Dalam konteks ini, terlihat bahwa carok sebagai institusionalisasi
kekerasan mencerminkan monopoli
kekuasaan suami (laki-laki) terhadap istri (perempuan). Monopoli
kekuasaan ini, antara lain ditandai oleh perlindungan secara berlebihan (over protection) terhadap istri (perempuan), seperti tampak pada pola pemukiman tanèyan lanjhang (Gambar
5, 45), tata cara penerimaan tamu (khususnya laki-laki), cara berpakaian, dan kebiasaan melakukan perkawinan antarkeluarga (kin group endogamy), khususnya perkawinan di bawah umur (Gambar 6, 56).
Berbicara tentang struktur, selain sebagai
tindakan pembalasan terhadap orang yang melakukan pelecehan harga diri,
carok oleh sebagian pelakunya dipandang sebagai alat untuk meraih posisi
atau status sosial yang lebih tinggi sebagai orang
jago dalam lingkungan komunitas mereka atau dalam lingkungan dunia blatèr.
Bahkan, dengan posisi dan status sosial ini, mereka dapat pula meraih
kedudukan formal dalam institusi formal atau birokrasi, yaitu sebagai
Kepala Desa.
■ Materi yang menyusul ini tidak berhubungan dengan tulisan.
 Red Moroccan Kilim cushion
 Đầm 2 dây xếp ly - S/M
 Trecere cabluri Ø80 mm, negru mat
Dengan demikian,
carok dipandang oleh sebagian pelakunya sebagai suatu alat untuk
memperoleh kekuasaan (means of power). Upaya nabang
yang pada prinsipnya merupakan komodifikasi hukum yang sangat
menguntungkan semua pihak yang terlibat – baik secara
ekonomi maupun sosial budaya – pada gilirannya semakin memperkuat
pandangan carok sebagai alat untuk memperoleh kekuasaan. Keberhasilan
para pemenang carok dalam upaya nabang justru semakin memperkuat legitimasi sosial mereka sebagai “orang
jago”. Selain itu, kebiasaan melakukan upaya nabang merupakan
faktor yang ikut berperan mendorong terjadinya dan sekaligus
melestarikan eksistensi carok sebagai institusionalisasi kekerasan dalam
masyarakat Madura.
Tingkatan
analisis yang dikonstruksikan Dr. A. Latief Wiyata menghalanginya untuk
menganalisis isu-isu seperti peran agama dalam carok. Fokus Dr. A.
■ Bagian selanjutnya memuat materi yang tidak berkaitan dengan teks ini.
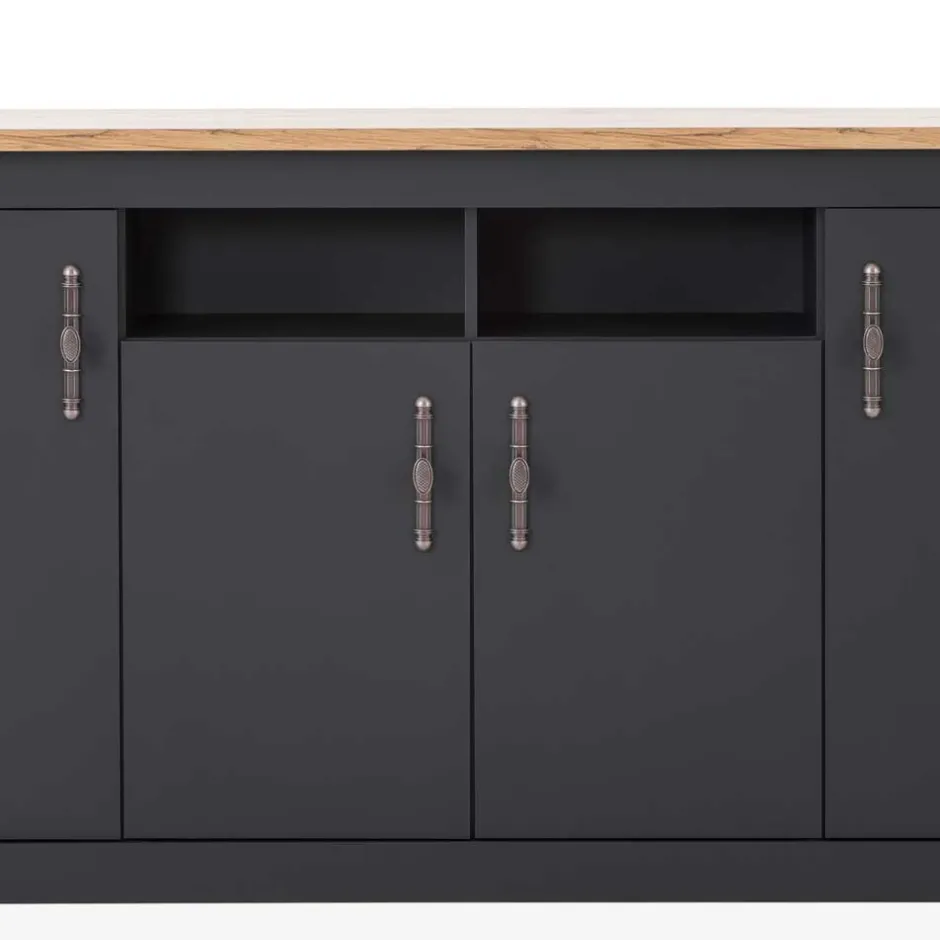 Wohnen Hohe Anrichte im Modernen Landhaus Look - Lionel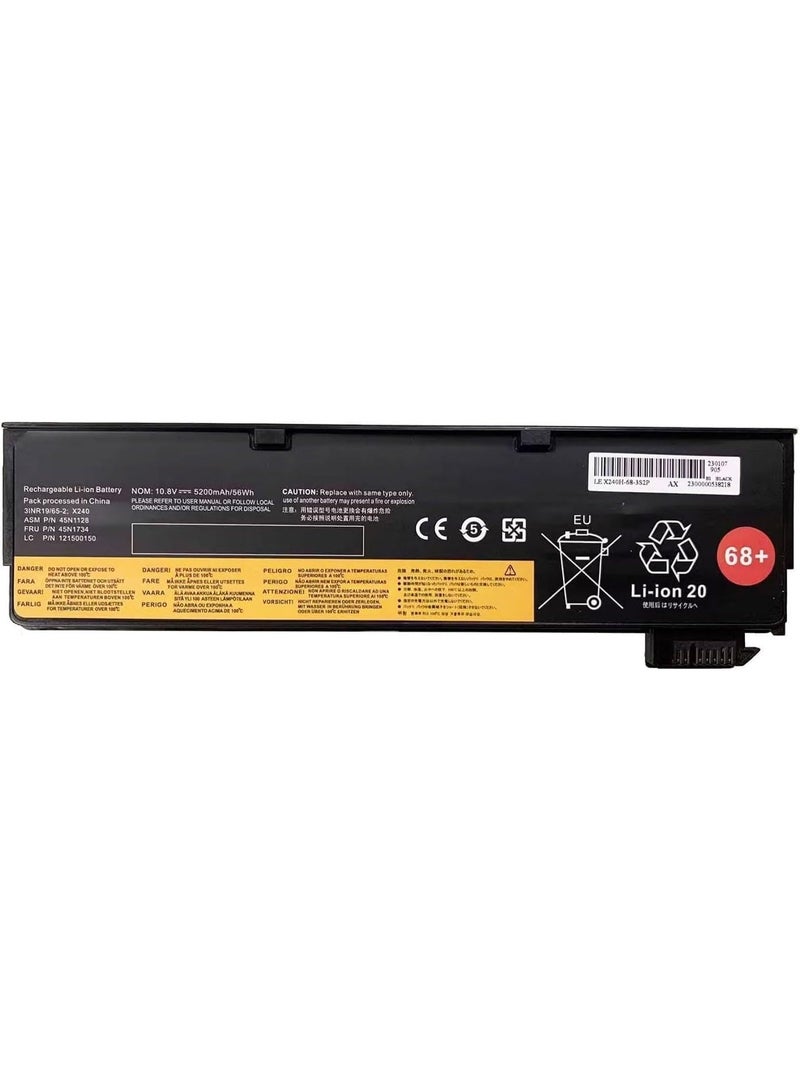 العنوان: بطارية 68+ بديلة 45N1130 بقدرة 10.8V 56Wh لأجهزة Lenovo ThinkPad X240/X250/X260/X270 T440/T450/T460/T470P L450/L460/L470 P50s - Image 4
Latief Wiyata pada aturan-aturan normatif seolah
mengabaikan bahwa individu seharusnya berpegang pada perintah agama,
mengingat betapa kuatnya pengaruh Islam di Madura. Dr. A. Latief Wiyata
tidak menjawab pertanyaan yang muncul berkaitan dengan peran agama dan
struktur di dalamnya untuk mengatasi carok yang
jelas-jelas merusak tatanan kekerabatan dan/atau masyarakat Madura.